Wednesday, March 5, 2014
Jurist Who Performed Lawyer’s Wedding Not Disqualified—C.A.
But Panel Says Attending Reception or Related Event May Be Cause for Recusal
By KENNETH OFGANG, Staff Writer
A San Diego Superior Court commissioner who presided over a lawyer’s wedding was not required to disqualify herself from hearing a case involving the attorney, the Fourth District Court of Appeal ruled yesterday.
The “average person on the street” would not assume that a judicial officer is biased merely because she acted as an officiant, Justice Judith Haller wrote for Div. One. But taking a more active role, such as by attending the reception, might indicate the type of social relationship that would give rise to a reasonable doubt as to the judge’s impartiality, the justice said.
The ruling came as a result of postjudgment proceedings between Kenneth Wechsler and his former wife, Kimberly Wechsler.
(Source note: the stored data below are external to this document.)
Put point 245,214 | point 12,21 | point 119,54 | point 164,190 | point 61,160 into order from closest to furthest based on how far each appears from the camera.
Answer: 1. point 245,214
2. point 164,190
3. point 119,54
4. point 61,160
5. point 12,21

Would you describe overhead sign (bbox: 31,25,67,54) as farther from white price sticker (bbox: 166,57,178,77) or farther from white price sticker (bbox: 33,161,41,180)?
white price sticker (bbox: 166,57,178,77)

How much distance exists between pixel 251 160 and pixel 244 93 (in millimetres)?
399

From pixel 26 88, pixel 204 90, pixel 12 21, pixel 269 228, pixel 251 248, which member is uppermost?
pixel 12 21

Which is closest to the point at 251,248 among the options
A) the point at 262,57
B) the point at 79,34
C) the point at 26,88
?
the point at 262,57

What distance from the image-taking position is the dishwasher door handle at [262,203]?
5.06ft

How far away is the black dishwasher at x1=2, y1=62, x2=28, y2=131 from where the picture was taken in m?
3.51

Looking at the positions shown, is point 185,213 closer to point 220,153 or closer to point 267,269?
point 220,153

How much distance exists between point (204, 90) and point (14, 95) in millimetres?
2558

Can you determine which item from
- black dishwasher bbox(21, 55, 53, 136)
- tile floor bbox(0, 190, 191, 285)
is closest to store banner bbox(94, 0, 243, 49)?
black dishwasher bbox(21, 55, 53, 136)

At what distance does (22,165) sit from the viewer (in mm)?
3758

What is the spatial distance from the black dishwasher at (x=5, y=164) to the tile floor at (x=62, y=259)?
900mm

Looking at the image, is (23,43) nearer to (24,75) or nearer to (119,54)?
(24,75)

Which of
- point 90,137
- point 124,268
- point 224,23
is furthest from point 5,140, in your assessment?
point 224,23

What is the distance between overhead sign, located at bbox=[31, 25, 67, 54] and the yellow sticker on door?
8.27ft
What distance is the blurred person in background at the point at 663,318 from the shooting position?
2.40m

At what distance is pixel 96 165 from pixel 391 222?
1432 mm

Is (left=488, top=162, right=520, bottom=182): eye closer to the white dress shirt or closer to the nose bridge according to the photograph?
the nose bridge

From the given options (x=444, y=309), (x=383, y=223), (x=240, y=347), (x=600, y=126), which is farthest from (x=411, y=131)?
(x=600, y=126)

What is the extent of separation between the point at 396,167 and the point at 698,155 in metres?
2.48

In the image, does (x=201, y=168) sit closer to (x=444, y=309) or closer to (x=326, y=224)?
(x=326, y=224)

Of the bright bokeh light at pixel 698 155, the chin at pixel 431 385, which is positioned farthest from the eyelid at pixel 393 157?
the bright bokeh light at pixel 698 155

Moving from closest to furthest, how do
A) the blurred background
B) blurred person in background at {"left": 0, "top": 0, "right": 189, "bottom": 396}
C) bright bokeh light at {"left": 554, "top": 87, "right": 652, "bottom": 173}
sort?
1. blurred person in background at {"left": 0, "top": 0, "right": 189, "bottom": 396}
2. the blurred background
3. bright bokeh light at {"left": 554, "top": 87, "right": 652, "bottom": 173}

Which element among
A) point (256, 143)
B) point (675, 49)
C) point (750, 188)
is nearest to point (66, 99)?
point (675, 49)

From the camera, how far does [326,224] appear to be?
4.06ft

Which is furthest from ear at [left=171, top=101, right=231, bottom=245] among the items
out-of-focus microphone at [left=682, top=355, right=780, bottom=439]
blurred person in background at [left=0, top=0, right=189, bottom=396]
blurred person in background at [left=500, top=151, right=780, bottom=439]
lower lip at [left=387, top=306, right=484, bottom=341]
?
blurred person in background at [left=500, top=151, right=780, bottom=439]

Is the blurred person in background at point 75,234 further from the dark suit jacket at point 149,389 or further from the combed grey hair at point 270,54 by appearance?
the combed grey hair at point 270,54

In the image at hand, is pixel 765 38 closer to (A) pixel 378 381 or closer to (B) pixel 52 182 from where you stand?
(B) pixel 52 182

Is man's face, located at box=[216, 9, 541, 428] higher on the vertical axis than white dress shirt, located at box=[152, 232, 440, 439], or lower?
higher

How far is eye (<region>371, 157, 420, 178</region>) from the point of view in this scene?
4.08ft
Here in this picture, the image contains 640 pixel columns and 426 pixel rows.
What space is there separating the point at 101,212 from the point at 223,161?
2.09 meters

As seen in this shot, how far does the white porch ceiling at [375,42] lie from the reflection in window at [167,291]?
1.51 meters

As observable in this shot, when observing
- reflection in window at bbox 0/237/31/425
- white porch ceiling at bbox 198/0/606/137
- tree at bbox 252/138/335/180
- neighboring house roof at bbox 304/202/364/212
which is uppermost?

The ex-wife’s then-attorney, Alexandra O’Neill, informed the ex-husband’s attorney, Cary Cotton, in late October of last year that the commissioner hearing the case, Patti Ratekin, would be officiating at O’Neill’s wedding in December.
Motion to Disqualify
Less than a week after the disclosure, Cotton brought a motion to disqualify Ratekin for cause. Ratekin responded with a declaration explaining that she did not have a social relationship with O’Neill, but that during an appearance about a month earlier, the attorney asked her to perform the ceremony. Ratekin said she agreed to perform the ceremony but had no plan to attend the reception.
O’Neill said in her own response:
“Because Commissioner Ratekin is only appearing at the ceremony, and leaving immediately thereafter, I will not have a chance to speak with her at the ceremony and the expectation is only that she will be supervising the recitation of the vows, exchange of wedding rings and signing the marriage license.”
Judge Jeffrey Barton, who heard the challenge under Code of Civil Procedure §170.3(b), said the facts as set forth in the declarations would not cause a reasonable person to doubt Ratekin’s objectivity, and rejected the challenge.
The ex-husband sought writ review. Although the ex-wife later changed attorneys, the Court of Appeal said the petition raised an important issue that was likely to recur and declined to dismiss the petition as moot.
Haller said the trial judge was correct, citing People v. Carter (2005) 36 Cal.4th 1215. The court held in that case that the judge who officiated at the wedding of the prosecutor’s daughter several months earlier was not disqualified from hearing a murder case.
The facts of that case, Haller explained, indicated that the relationship between the prosecutor and the judge was “professional and casual,” rather than a close social relationship; that the request to officiate came from the prosecutor’s daughter, not from the prosecutor; that no fee was paid or requested—the Code of Judicial Ethics allows judges to accept payment for performing weddings on weekends and holidays—and that it is customary for judges in San Bernardino County to perform weddings for lawyers and their families.
It is not unusual for judges to perform wedding ceremonies purely as an official function, signifying no bias in favor of the persons being married or their family members, the justice said, and requiring their disqualification for having done so would have negative consequences.
“These observations are consistent with the public policy of encouraging judges to provide this public service for couples who prefer a secular wedding ceremony. A holding that the agreement to officiate at an attorney’s wedding automatically disqualifies a judge from presiding over a matter in which the attorney appears would preclude judges from performing this public service and/or would require assignment to a new judicial officer, thus unnecessarily interrupting and delaying case resolution.”
Disqualification would be required, Haller suggested, if the judge were asked to officiate because of a close relationship with the person being married or his or her family, of if close ties were created in the process of planning the wedding, “reflected by the judicial officer participating in prewedding planning events, attending the wedding reception or other related social functions, or accepting monetary or other gifts in exchange for performing the wedding.”
In deciding whether to accept the invitation to preside, she said, a judge should consider “the extent of the judge’s involvement in the ceremony and in other related events; the nature of the parties’ past and current social/personal relationship; any ties or connections with the families of the wedding party; and the nature of the issues pending or likely to come before the court. “ And if the judge is going to officiate, he or she should disclose that within a reasonable time, she said.
The case is Wechsler v. Superior Court (Wechsler), 14 S.O.S. 1115.